- _Exercise directions_
Would you transcribe the records below from the line with "Photo aérienne - Annecy - France" to the line with "Photo of Pete Helliar", ends included, exactly and with nothing more, leaving the pictures out?

[[ Entries shown, beginning ]]

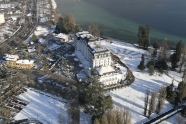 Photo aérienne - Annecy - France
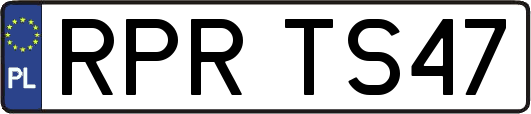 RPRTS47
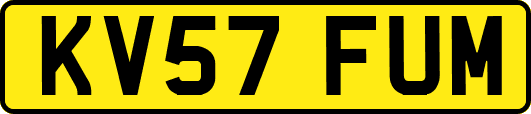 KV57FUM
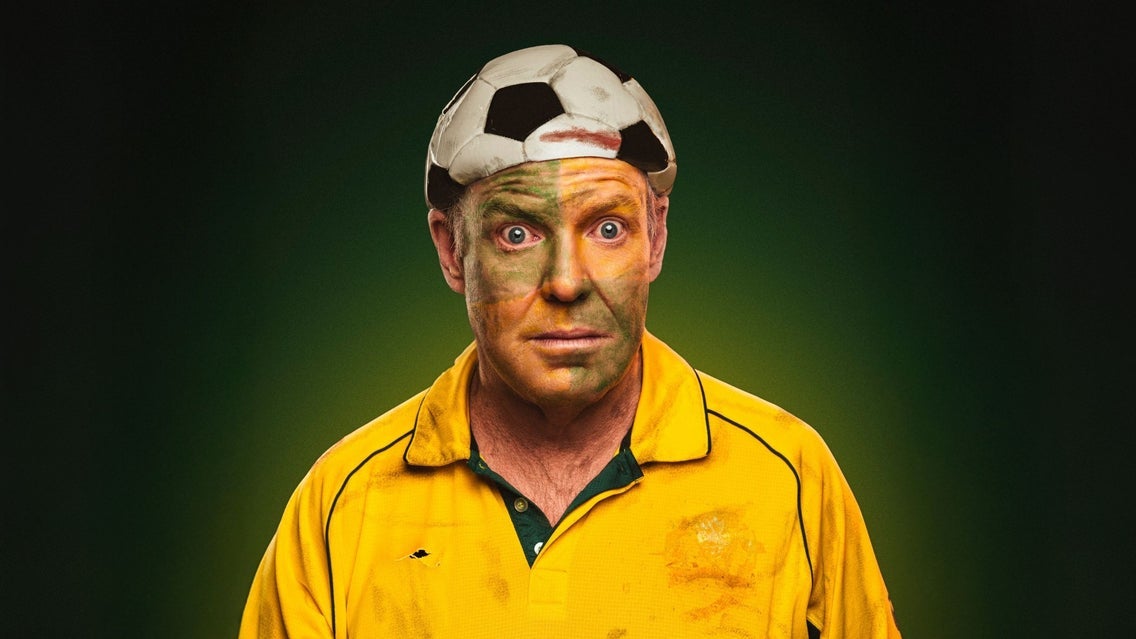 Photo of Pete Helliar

[[ Entries shown, end ]]
[[ Entries shown, beginning ]]

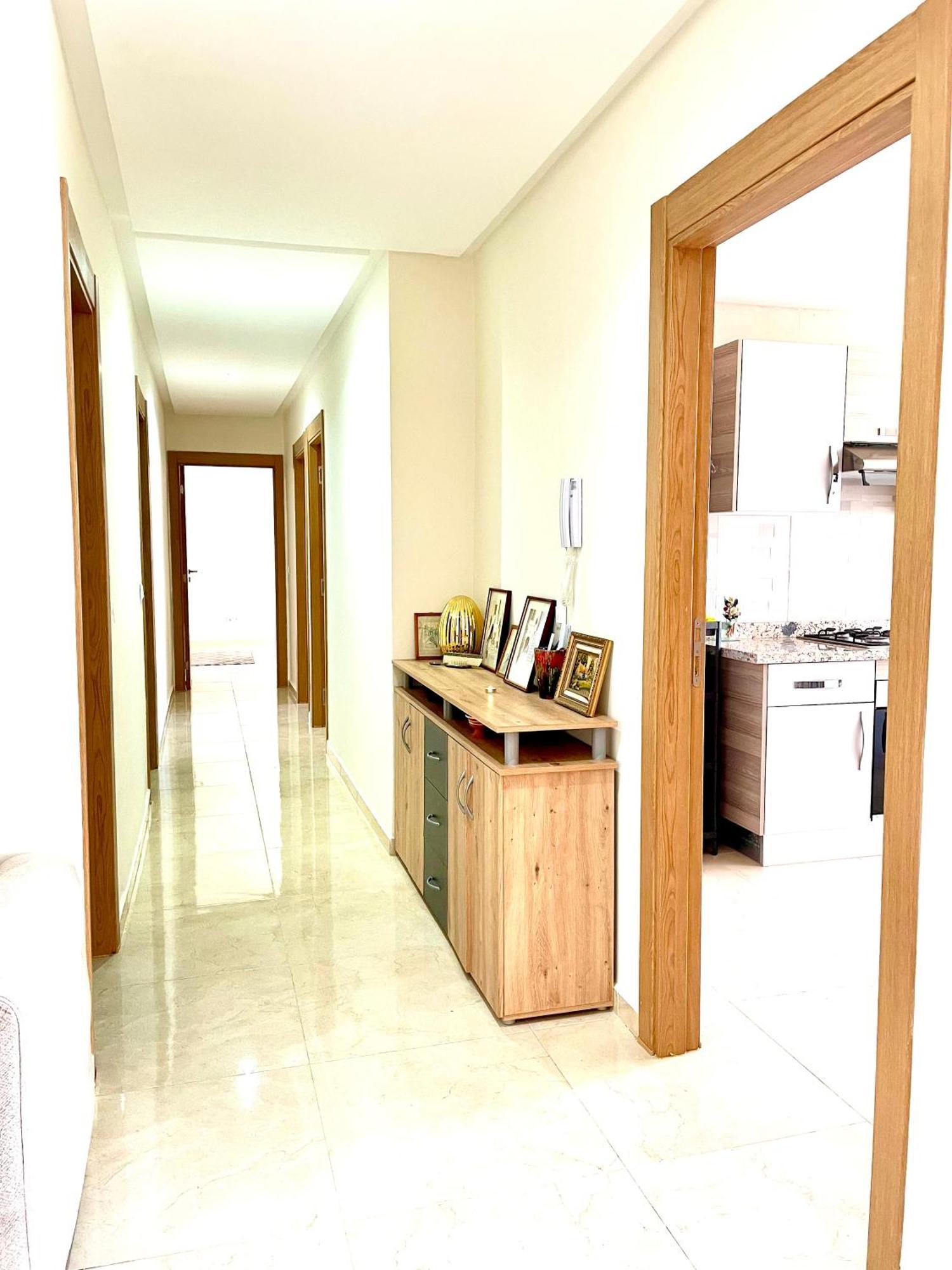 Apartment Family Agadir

[[ Entries shown, end ]]

- _Your solution_
 Photo aérienne - Annecy - France
 RPRTS47
 KV57FUM
 Photo of Pete Helliar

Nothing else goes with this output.